# Bouyant force accelerates released balloon

1. Mar 30, 2013

### johns123

1. The problem statement, all variables and given/known data
A small balloon filled with helium is released. What is it's initial upward acceleration? The only data given is ρ air = 1.29 kg/m^3 and ρ helium is .18 kg/m^3

I assume the bouyant force ( FB ) = the weight of the air displaced by the balloon

so BF = W(air) = ρ(air) * g * VolB = MassB * Accel

and VolB = MassB / ρ(helium)

2. Relevant equations

so Accel = [ ρ(air) / ρ(he) ] * g = ( 1.29 / .18 ) * 9.81 = 70.3 m/s^2

3. The attempt at a solution

the answer in the book is 61 m/s^2, and I found that ρ(air) and ρ(he) change with temperature, but I have not been able to get the answer in the book. At ρ(air) 20degrees C, I get Acc = 65.4 m/s^2 which is still too high.

2. Mar 30, 2013

### Staff: Mentor

Don't forget the weight of the balloon (well, the helium inside) itself.

3. Mar 30, 2013

### johns123

Maybe something like BF = W(air) - W(he) = g * VolB( p(air) - p(he) ) = MassB * Acc

then Acc = [ p(air) - p(he) / p(he) ] * g = [ (1.29 - .18) / .18 ] * 9.81 = 60.5 !!!!!!!!!!!!!!!

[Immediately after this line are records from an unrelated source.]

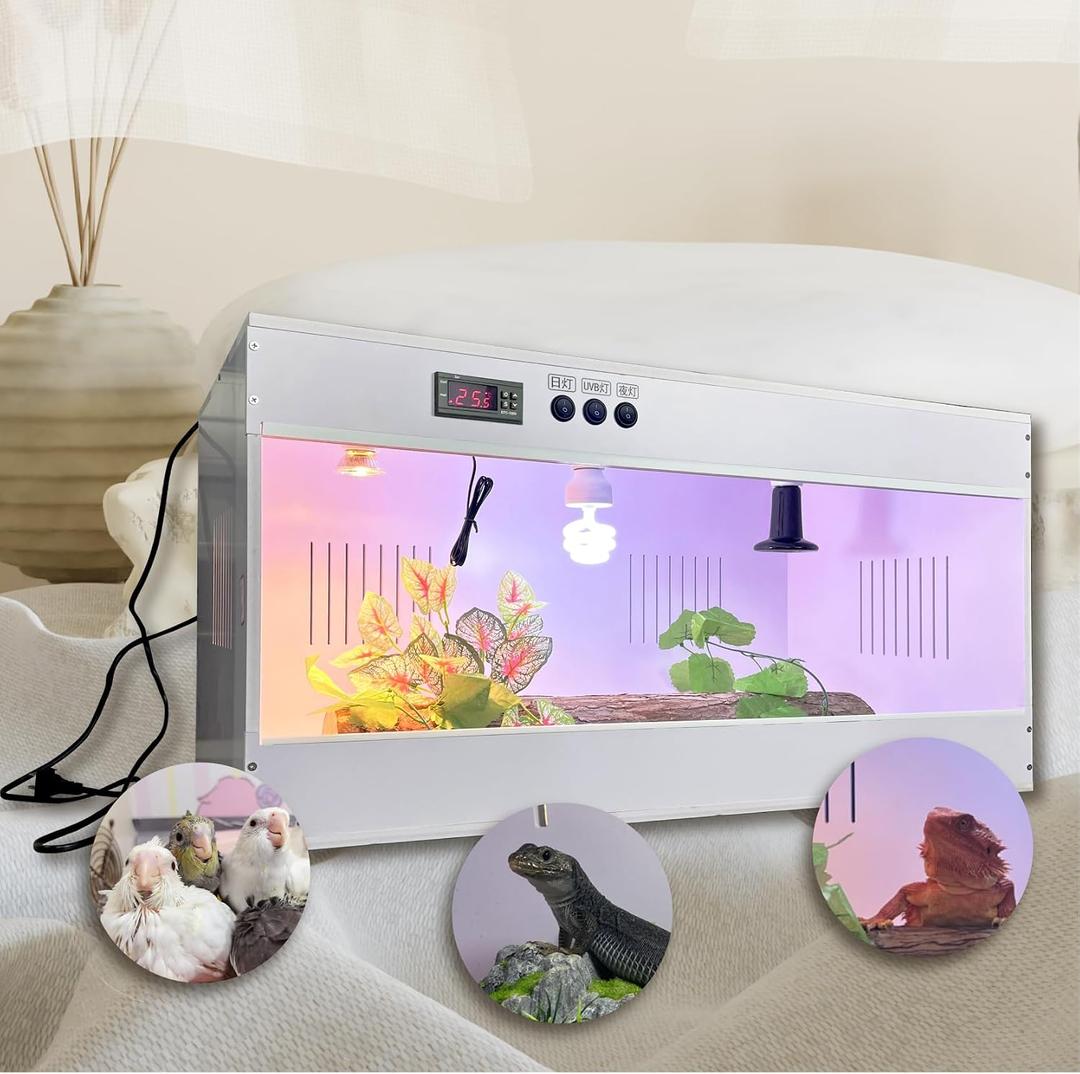120x50x50cm PVC Smart Dual-Temp Reptile Enclosure with Acrylic Sliding Door, 5 Ceramic Sockets - Front Open Design for Bearded Dragon, Leopard Gecko, Ball Python, Hermit Crab, Chameleon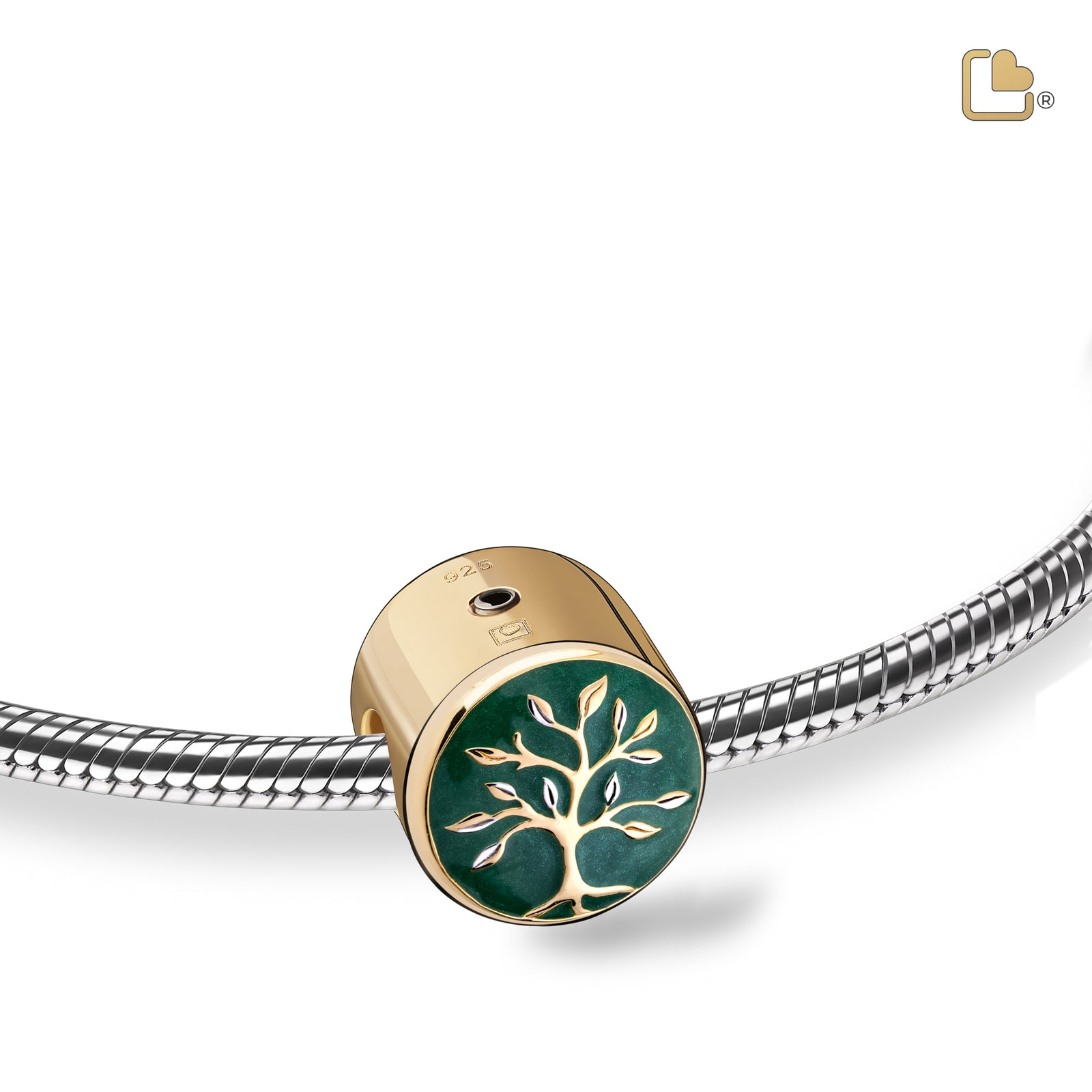 BD2121 Tree of Love Ashes Bead Pearl Green & Pol Gold Vermeil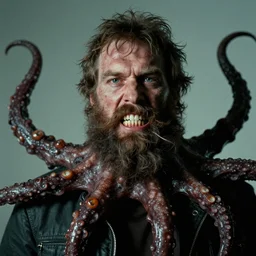 bearded man with living teeth and tentacles in the style of the horror film The Thing 1982. Filmic.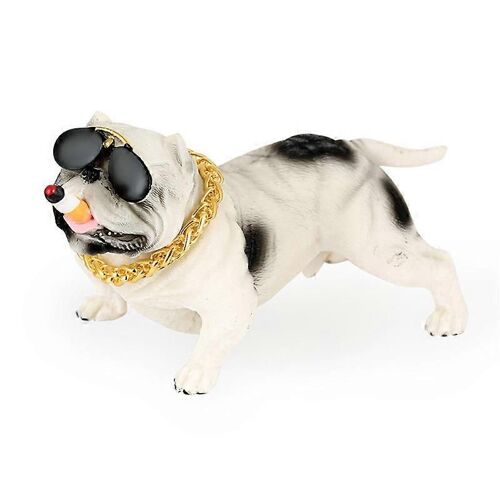 Figurine De Chien Résine Simulé Exquis Mignon Chien Statue Voiture Décoration Intérieure Tableau De Bord Ornement Blanc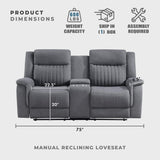 Lexicon Manual Double Reclining Loveseat, Polished Microfiber Manual Wall Hugger Loveseat Recliner for Living Room, Center Storage Console/Cup Holders, Easy Assembly, Gray Lexicon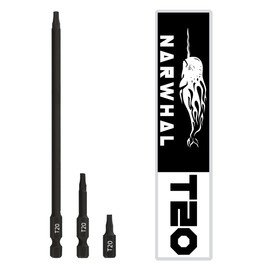 T20 Torx Bit Set (3 Pack) Includes Extra Long 6 Inch, 2 Inch, and 1 Inch Torx Star Bit - Hex Shank & Magnetic Tipped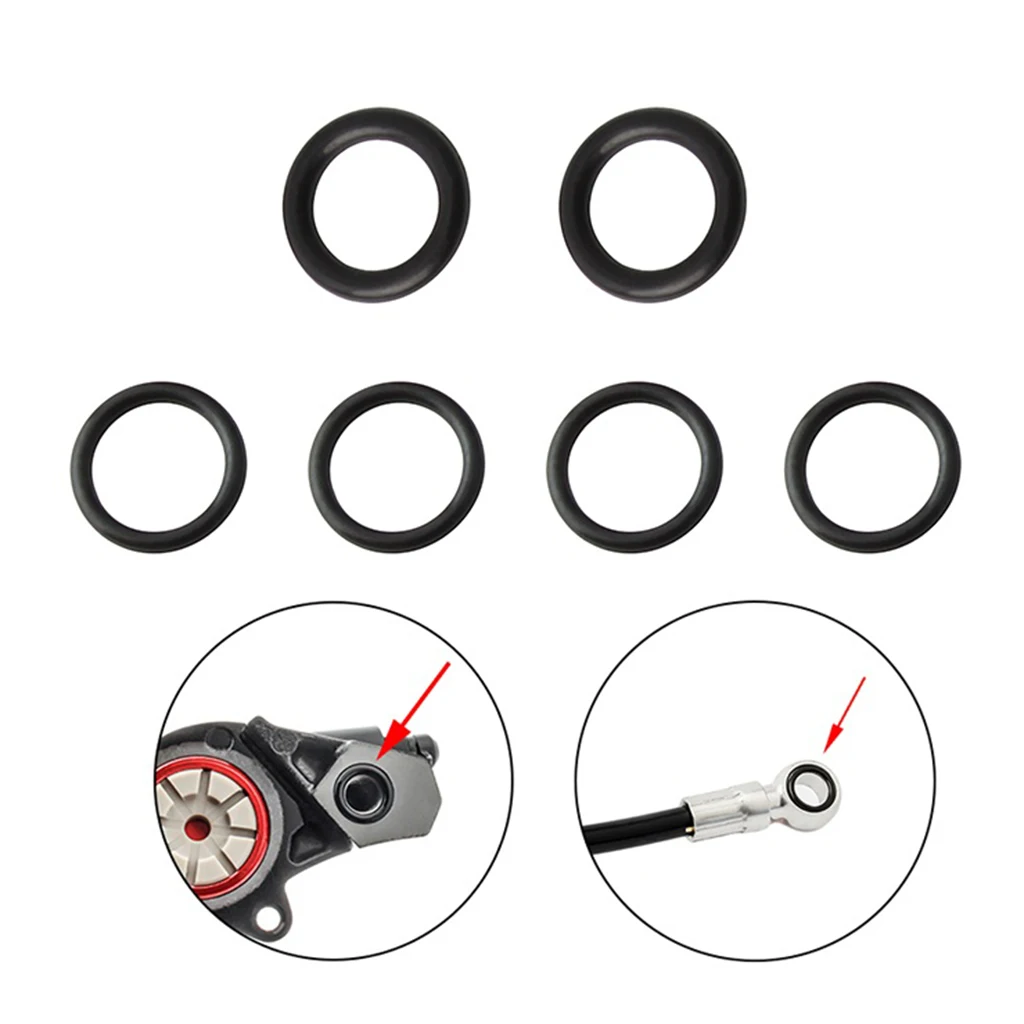 6pcs Rubber O-Rings Bicycle Brake Bolts Spacer Cycling Brake Oil Tube Gasket Seal Rings MTB Road Bike Washers Gasket Accessories
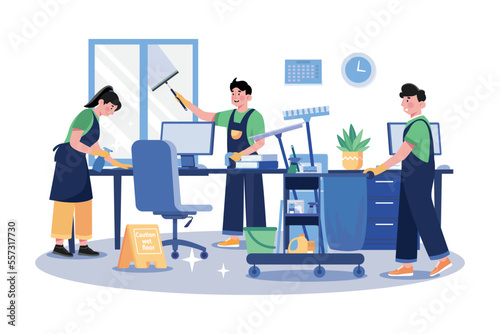 Cleaning Team With Professional Equipment Cleaning Office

You sir, are a freakin' genius :-)

4. Mar 31, 2013

### johns123

Finally, I see the concept: It's 2 problems in one. Net Force vertical .. and .. bouyant force vertical.

Net Force = BF(air) - W(he) = W(air) - W(he) = p(air)*g*VolB - p(he)*g*VolB = MassB*Acc = p(he)*VolB*Acc

then Acc = g * [ p(air) - p(he) ] / p(he) = 60.5 m/s^2 which is the correct answer.

I wonder if this is also true of an object under water ? And we just ignore the gravitational attraction since it is only a very small part of the answer ??? Like I've been doing.

5. Mar 31, 2013

### Staff: Mentor

For something filled with gas, under water, you can usually neglect the gravitational force on the gas, right.

6. Mar 31, 2013

### johns123

Yes. But when I needed to not ignore it, I didn't have a clue. It still seems a bit strange, but I finally realized that the gravitational force on the object was independent of it's volume and had to be considered separately. I might see this problem again with a heavy submarine .. and I'll be watching for it. Thanks MFB.